The execution of Alabama death row inmate Joe Nathan James Jr. last month may have taken longer than any other capital punishment in US history, according to human rights organization Reprieve US.
As reported by The Guardian, an analysis conducted by the aforementioned group estimates that it took state officials between three and three and a half hours to carry out James' death penalty.
Reprieve US argues that this goes against the constitutional rights of US citizens to humane punishments.
“Subjecting a prisoner to three hours of pain and suffering is the definition of cruel and unusual punishment,” the director of Reprieve US, Maya Foa, said in a statement over the weekend. “States cannot continue to pretend that the abhorrent practice of lethal injection is in any way humane.”
As reported by CNN, James was given a lethal injection at the William C. Holman Correctional Facility in Atmore on July 28.
He was executed over the 1994 murder of his ex-girlfriend - despite pleas from the victim's family to refrain from taking away the man's life.
The execution took place just two days after the US Court of Appeals rejected a motion to stay his execution. He was pronounced dead at 9:27 PM local time, but was supposed to be put to death some three hours earlier, at 6:00 PM.
In 1996, James was convicted of fatally shooting 26-year-old Faith Hall in Birmingham and was later given the death sentence.
Hall's daughters argued that James should serve a life sentence in prison. However, Alabama governor, Kay Ivey, stated that the execution would take place regardless.
In response to the governor's call to proceed with the execution, Hall's family said in a statement published by the local TV station WIAT:
"Today is a tragic day for our family. We are having to relive the hurt that this caused us many years ago. We hoped the state wouldn’t take a life simply because a life was taken and we have forgiven Mr Joe Nathan James Jr …
"We pray that God allows us to find healing after today and that one day our criminal justice system will listen to the cries of families like ours even if it goes against what the state wishes. Our voices matter and so does the life of Mr Joe Nathan James Jr."
James was said to have had a brief romance with Hall, later becoming obsessed with her after she rejected him and proceeded to harass and stalk her for months, before eventually going on to shoot her dead.
Per court documents, James managed to get inside her friend's apartment on August 15, 1994 and shot Hall three times.
A jury found James guilty of capital murder and voted to recommend the death penalty, which was imposed by a judge.
This was overturned when a state appeals court ruled a judge had wrongly submitted police reports as evidence for the jury. James had a retrial in 1999 and was again sentenced to death.
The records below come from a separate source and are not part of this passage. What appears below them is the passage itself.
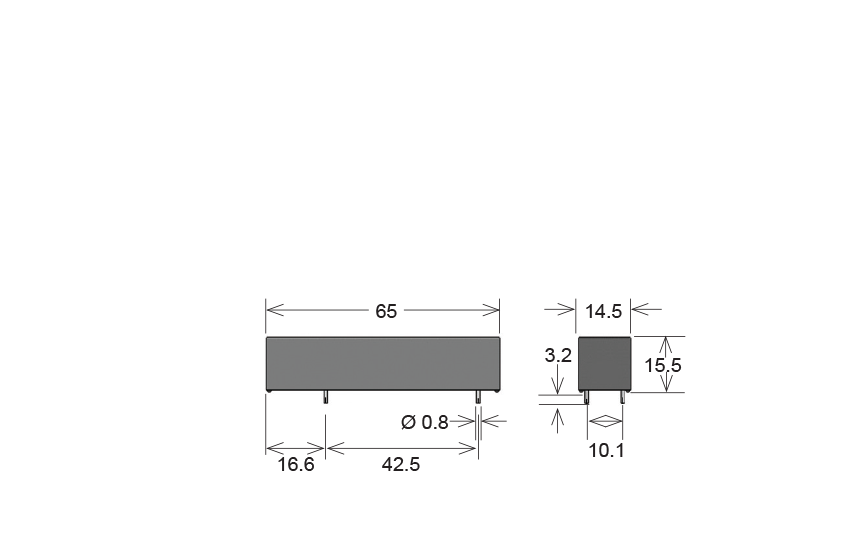 standex he12-2a83 he series reed relay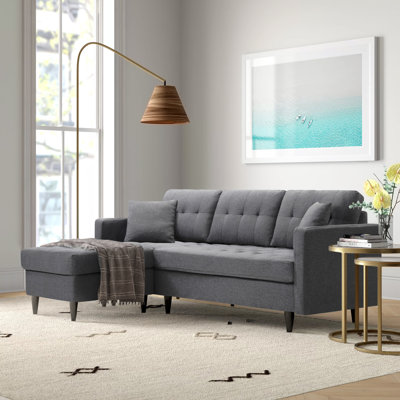 Koshalya Upholstered L-Shaped Sectional Reversible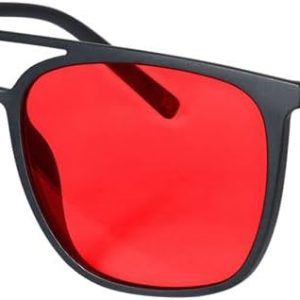 SHINU Light Blocking Glasses, Red Lenses, Blue and Green Lenses, Disruptive Blocking to Eliminate Eye Strain 080RD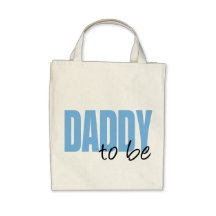 Daddy To Be (Blue Block Font) Bag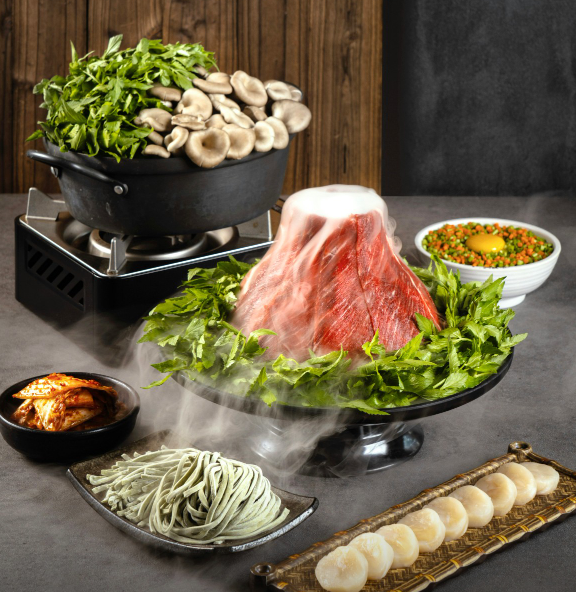 담구리샤브칼국수 대표 메뉴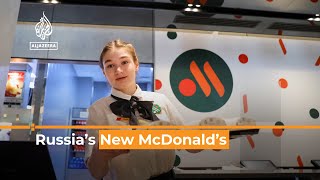 Russia’s ‘New McDonald’s’ reopens: Delicious, Full Stop I AL JAzeera Newsfeed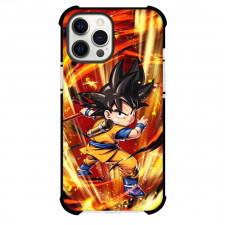 Dragon Ball Daima Goku Phone Case For iPhone Samsung Galaxy Pixel OnePlus Vivo Xiaomi Asus Sony Motorola Nokia - Mini Goku Standing Back On Fire Background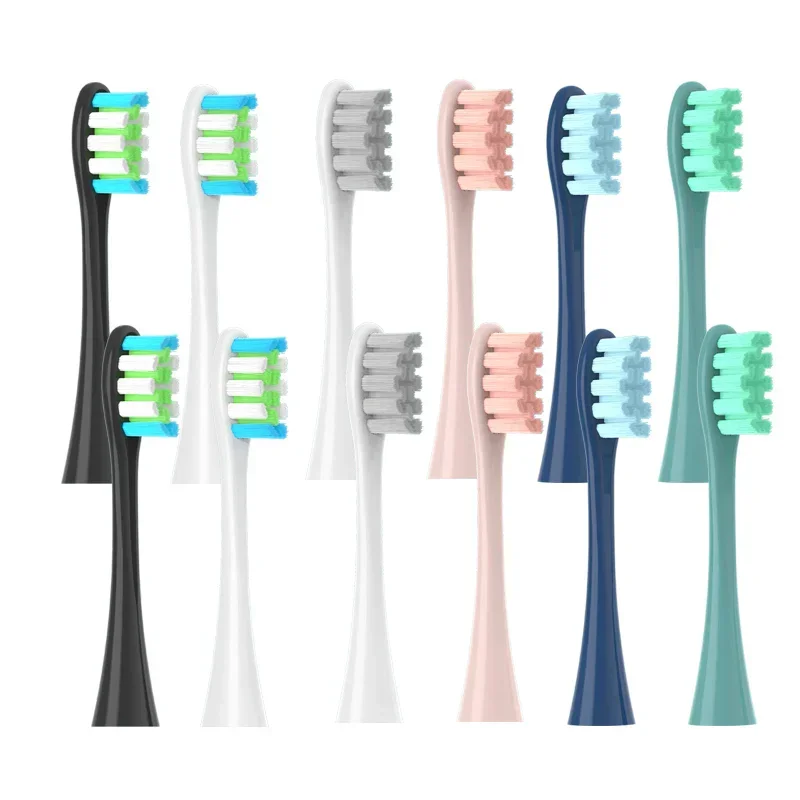 12pcs Replacement Brush Heads for Oclean X/ X PRO/ Z1/ F1/ One/ Air 2 /SE Sonic Electric Toothbrush DuPont Soft Bristle Nozzles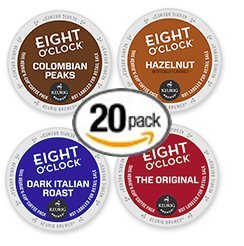 20-count-K-cup-for-Keurig-Brewers-Coffee-Flavored-Variety-Pack-Featuring-8-oclock-Original-Hazelnut-Colombian-and-Italian-Coffee-Coffee-Cups-0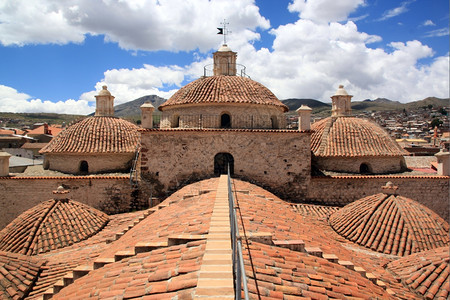 玻利维亚波托西SanFrancisco教堂屋顶景象图片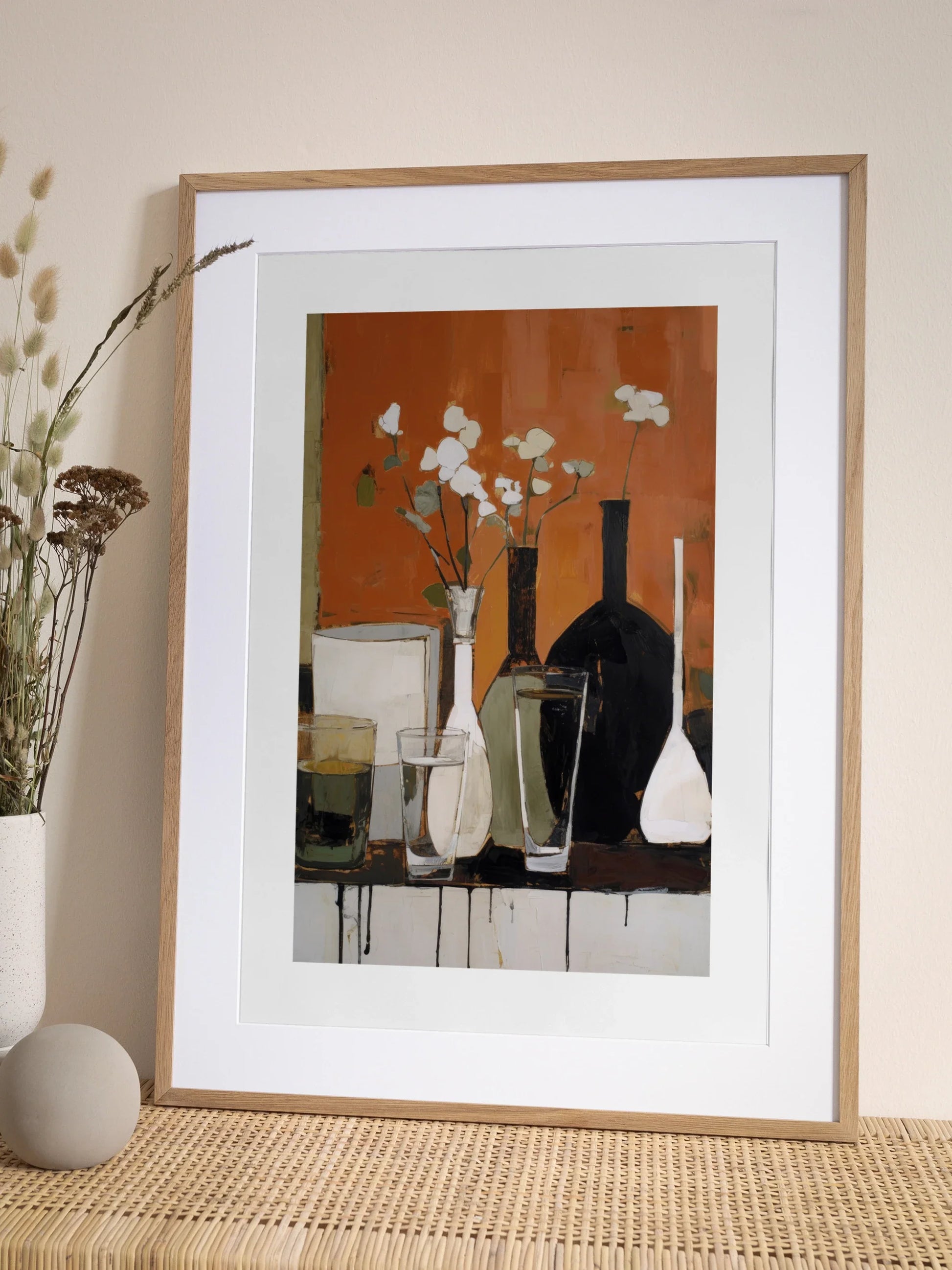 Still Life in Orange Poster
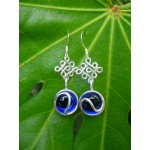 "Tibetan Knot" earrings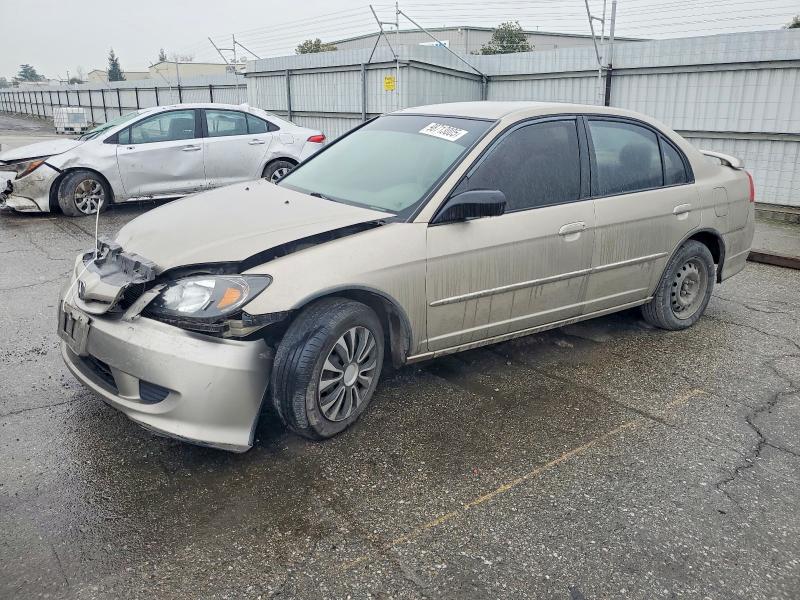 HONDA CIVIC LX 2004 with VIN 2HGES16554H581443 - Photo from auction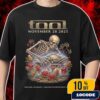 Tool Auckland Spark Arena November 23 2025 Night 2 Concert Poster By Mike Gamble Anatomy Skeleton Earth Fire Progressive Metal Tour New Zealand Merch Unisex T-Shirt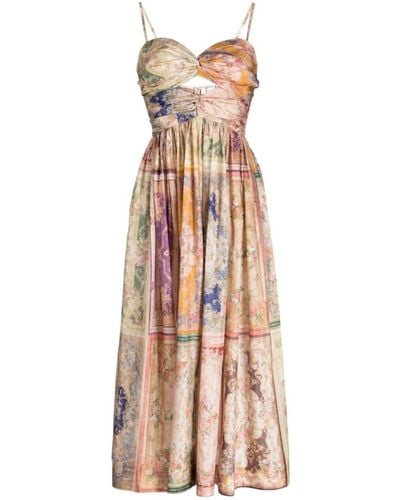 Zimmermann August Midi Dress - Multicolor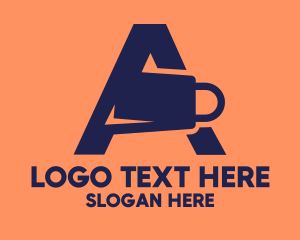 Discount - Shopping Bag Letter A logo design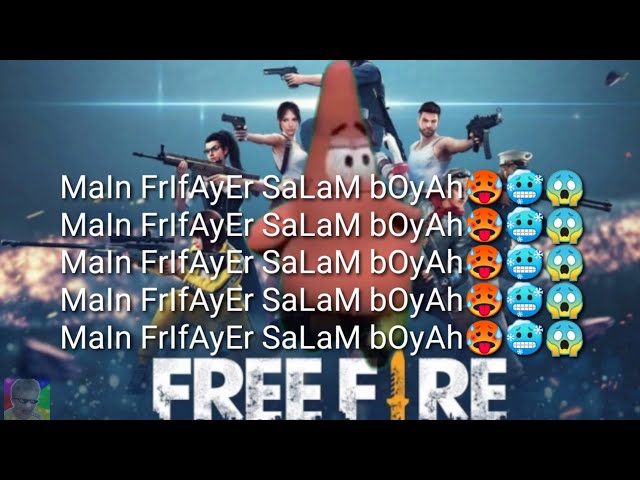 Patrick Dancing To Main Free Fire Salam Booyah class=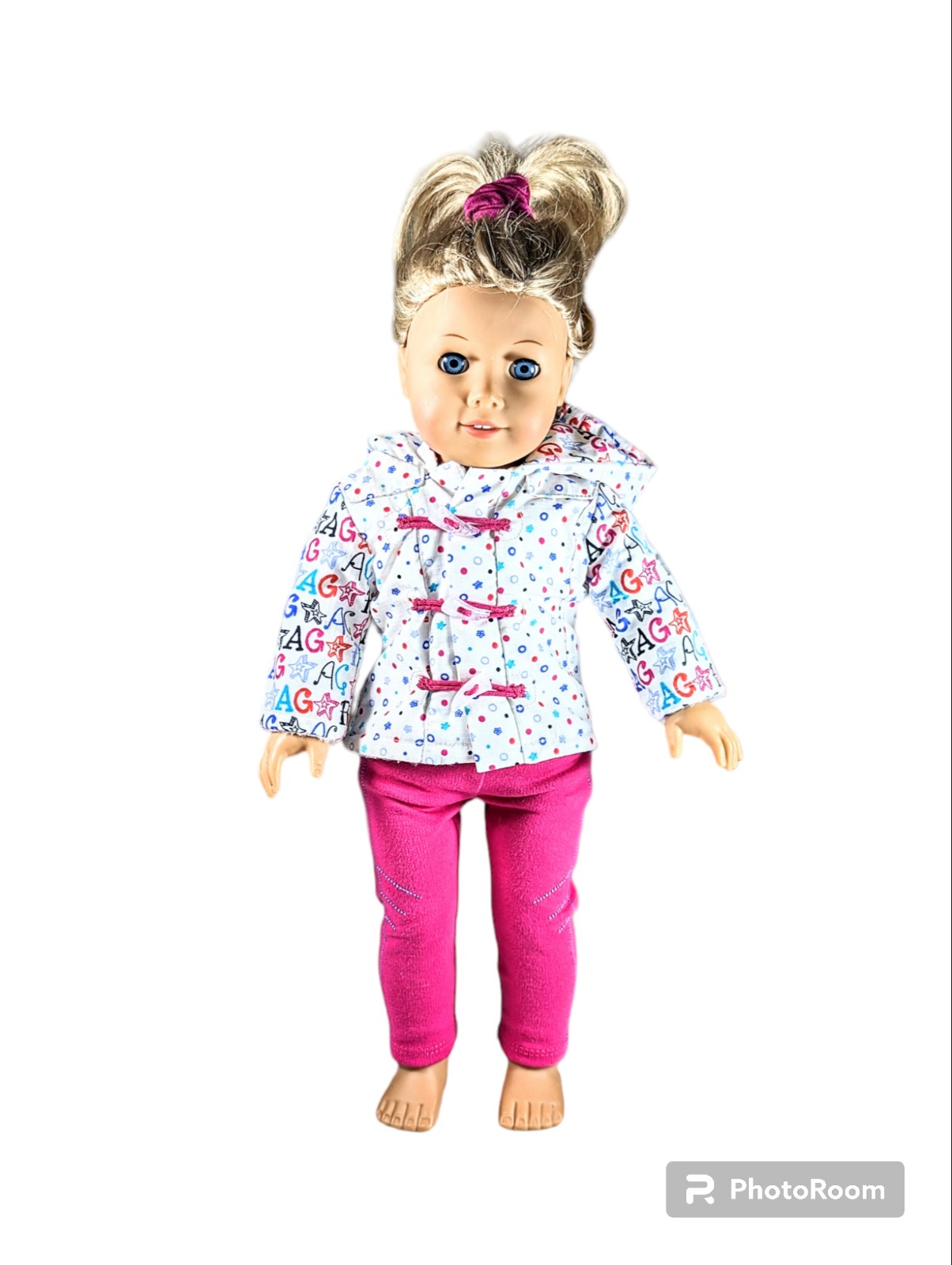 American Girl Doll Lanie Holland Retired Blonde 18 in With Clothes 2014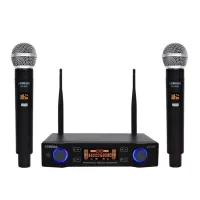 LOMEHO LO-U02 радиосистема с двумя ручными микрофонами 625.30-655.80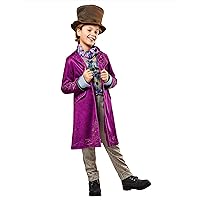Rubies Boy's Wonka Movie Willy Wonka Complete CostumeChild Costume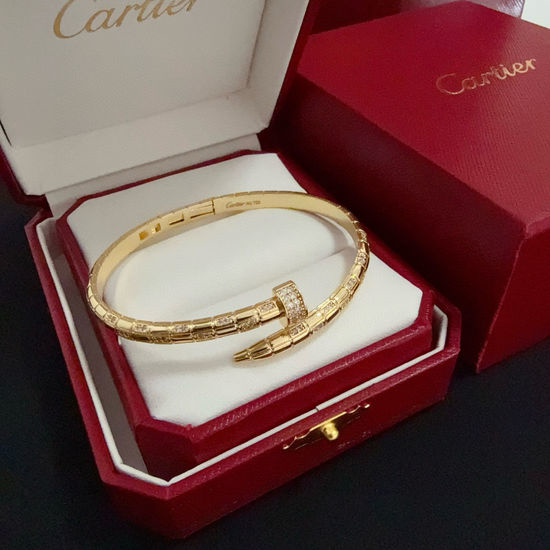 Cartier Diamond Inlaid Classic Fashion Bracelet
Hall's daughters were aged three and six when they lost their mother. The two said they would rather James serve life in prison.
"I just feel like we can’t play God. We can’t take a life. And it’s not going to bring my mom back," Terryln Hall told The Associated Press.
"We thought about it and prayed about it, and we found it in ourselves to forgive him for what he did. We really wish there was something that we could do to stop it."